Short descriptive text snippets
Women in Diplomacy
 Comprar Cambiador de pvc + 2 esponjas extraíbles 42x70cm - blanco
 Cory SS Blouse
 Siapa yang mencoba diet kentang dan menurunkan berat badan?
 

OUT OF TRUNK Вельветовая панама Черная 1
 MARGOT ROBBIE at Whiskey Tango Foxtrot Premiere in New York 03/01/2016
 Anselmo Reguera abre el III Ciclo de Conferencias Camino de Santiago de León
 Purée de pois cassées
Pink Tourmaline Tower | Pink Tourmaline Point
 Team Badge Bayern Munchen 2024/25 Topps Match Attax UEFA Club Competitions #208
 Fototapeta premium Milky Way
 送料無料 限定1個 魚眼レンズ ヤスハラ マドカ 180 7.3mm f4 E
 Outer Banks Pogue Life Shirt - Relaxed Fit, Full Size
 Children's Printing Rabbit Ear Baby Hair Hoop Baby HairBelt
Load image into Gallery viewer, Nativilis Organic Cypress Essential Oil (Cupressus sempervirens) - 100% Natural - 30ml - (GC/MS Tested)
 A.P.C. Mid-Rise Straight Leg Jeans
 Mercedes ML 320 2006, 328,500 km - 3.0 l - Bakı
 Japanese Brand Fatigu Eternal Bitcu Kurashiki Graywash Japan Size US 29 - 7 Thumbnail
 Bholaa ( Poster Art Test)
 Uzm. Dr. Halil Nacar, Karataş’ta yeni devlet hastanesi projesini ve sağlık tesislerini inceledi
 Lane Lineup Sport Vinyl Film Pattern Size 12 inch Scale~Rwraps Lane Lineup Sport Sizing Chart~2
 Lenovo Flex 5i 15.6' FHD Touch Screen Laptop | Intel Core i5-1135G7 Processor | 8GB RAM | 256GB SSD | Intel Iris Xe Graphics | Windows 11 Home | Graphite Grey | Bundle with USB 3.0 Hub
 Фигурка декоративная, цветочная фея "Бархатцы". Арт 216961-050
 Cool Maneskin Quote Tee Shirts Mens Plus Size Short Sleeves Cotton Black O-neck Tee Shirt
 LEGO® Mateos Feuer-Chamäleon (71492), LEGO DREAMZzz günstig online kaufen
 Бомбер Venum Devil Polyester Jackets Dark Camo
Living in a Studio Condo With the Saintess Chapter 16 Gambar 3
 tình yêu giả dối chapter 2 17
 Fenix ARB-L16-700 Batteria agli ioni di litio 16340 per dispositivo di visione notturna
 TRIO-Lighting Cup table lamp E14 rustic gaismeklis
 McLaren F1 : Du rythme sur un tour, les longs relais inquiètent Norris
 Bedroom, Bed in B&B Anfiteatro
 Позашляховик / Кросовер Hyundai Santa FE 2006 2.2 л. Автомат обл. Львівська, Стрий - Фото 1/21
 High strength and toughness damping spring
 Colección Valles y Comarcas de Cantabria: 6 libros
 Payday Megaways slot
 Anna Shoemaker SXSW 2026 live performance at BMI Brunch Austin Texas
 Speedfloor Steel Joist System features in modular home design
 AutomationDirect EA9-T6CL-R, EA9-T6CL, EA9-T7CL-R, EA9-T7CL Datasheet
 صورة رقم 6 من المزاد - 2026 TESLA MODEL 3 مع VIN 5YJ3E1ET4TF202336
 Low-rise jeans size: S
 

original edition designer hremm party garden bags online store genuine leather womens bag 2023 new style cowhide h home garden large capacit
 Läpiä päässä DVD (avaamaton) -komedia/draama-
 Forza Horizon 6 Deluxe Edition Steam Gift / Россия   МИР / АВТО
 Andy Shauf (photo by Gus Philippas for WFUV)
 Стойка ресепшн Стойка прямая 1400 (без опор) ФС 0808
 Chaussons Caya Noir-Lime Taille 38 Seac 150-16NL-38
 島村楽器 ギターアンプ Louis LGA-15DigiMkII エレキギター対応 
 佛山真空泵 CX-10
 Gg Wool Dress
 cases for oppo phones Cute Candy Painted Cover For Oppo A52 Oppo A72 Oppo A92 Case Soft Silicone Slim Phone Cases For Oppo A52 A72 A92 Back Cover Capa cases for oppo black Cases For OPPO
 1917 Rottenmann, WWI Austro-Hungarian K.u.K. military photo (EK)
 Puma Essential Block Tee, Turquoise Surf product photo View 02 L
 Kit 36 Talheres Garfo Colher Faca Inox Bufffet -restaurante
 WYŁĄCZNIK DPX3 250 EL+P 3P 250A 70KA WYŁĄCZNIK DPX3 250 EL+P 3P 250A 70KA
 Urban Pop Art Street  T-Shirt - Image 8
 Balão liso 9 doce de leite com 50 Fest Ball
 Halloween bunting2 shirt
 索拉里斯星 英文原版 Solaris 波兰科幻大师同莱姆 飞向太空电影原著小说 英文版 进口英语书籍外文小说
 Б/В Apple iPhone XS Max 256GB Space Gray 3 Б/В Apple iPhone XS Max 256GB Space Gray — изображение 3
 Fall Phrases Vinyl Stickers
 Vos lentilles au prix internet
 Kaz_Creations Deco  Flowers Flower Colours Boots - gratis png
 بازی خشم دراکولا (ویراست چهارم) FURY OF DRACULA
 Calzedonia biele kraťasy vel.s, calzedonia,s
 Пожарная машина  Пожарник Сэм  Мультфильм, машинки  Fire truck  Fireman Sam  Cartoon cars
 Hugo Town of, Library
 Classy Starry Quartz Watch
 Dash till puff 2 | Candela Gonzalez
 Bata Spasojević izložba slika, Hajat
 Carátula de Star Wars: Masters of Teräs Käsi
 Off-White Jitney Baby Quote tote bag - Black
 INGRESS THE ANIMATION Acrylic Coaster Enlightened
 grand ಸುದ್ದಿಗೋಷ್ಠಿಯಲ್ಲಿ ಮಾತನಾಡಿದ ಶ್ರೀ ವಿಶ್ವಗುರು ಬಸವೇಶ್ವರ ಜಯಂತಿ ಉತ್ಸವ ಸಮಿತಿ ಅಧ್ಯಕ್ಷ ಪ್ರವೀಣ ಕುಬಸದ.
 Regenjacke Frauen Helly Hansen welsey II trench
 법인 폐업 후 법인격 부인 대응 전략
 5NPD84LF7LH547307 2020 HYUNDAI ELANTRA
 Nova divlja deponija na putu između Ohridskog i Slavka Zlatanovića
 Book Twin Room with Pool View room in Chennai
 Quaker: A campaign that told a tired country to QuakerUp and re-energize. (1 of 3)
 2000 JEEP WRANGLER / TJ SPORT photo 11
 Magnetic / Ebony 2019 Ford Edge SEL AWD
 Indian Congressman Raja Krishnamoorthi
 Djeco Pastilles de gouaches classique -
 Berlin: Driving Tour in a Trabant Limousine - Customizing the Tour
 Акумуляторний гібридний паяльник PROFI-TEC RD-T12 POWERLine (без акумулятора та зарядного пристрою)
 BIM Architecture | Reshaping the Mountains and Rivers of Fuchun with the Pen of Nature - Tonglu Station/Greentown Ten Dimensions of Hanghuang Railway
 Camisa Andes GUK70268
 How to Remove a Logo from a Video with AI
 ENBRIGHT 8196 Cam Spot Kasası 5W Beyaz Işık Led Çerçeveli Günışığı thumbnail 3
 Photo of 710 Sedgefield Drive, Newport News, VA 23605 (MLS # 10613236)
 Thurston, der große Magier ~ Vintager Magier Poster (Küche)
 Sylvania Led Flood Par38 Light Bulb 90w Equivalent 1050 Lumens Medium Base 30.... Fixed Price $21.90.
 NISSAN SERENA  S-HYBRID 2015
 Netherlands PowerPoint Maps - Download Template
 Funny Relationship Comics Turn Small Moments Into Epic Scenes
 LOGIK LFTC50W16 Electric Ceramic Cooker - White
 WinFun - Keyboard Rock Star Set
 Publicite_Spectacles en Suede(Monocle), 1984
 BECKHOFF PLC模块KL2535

_WHAT IS EXPECTED_.
Your task is to restate, word for word, the lines from the beginning of the records to the line with "Бомбер Venum Devil", inclusive.

_WRITTEN RESPONSE_.
Women in Diplomacy
 Comprar Cambiador de pvc + 2 esponjas extraíbles 42x70cm - blanco
 Cory SS Blouse
 Siapa yang mencoba diet kentang dan menurunkan berat badan?
 

OUT OF TRUNK Вельветовая панама Черная 1
 MARGOT ROBBIE at Whiskey Tango Foxtrot Premiere in New York 03/01/2016
 Anselmo Reguera abre el III Ciclo de Conferencias Camino de Santiago de León
 Purée de pois cassées
Pink Tourmaline Tower | Pink Tourmaline Point
 Team Badge Bayern Munchen 2024/25 Topps Match Attax UEFA Club Competitions #208
 Fototapeta premium Milky Way
 送料無料 限定1個 魚眼レンズ ヤスハラ マドカ 180 7.3mm f4 E
 Outer Banks Pogue Life Shirt - Relaxed Fit, Full Size
 Children's Printing Rabbit Ear Baby Hair Hoop Baby HairBelt
Load image into Gallery viewer, Nativilis Organic Cypress Essential Oil (Cupressus sempervirens) - 100% Natural - 30ml - (GC/MS Tested)
 A.P.C. Mid-Rise Straight Leg Jeans
 Mercedes ML 320 2006, 328,500 km - 3.0 l - Bakı
 Japanese Brand Fatigu Eternal Bitcu Kurashiki Graywash Japan Size US 29 - 7 Thumbnail
 Bholaa ( Poster Art Test)
 Uzm. Dr. Halil Nacar, Karataş’ta yeni devlet hastanesi projesini ve sağlık tesislerini inceledi
 Lane Lineup Sport Vinyl Film Pattern Size 12 inch Scale~Rwraps Lane Lineup Sport Sizing Chart~2
 Lenovo Flex 5i 15.6' FHD Touch Screen Laptop | Intel Core i5-1135G7 Processor | 8GB RAM | 256GB SSD | Intel Iris Xe Graphics | Windows 11 Home | Graphite Grey | Bundle with USB 3.0 Hub
 Фигурка декоративная, цветочная фея "Бархатцы". Арт 216961-050
 Cool Maneskin Quote Tee Shirts Mens Plus Size Short Sleeves Cotton Black O-neck Tee Shirt
 LEGO® Mateos Feuer-Chamäleon (71492), LEGO DREAMZzz günstig online kaufen
 Бомбер Venum Devil Polyester Jackets Dark Camo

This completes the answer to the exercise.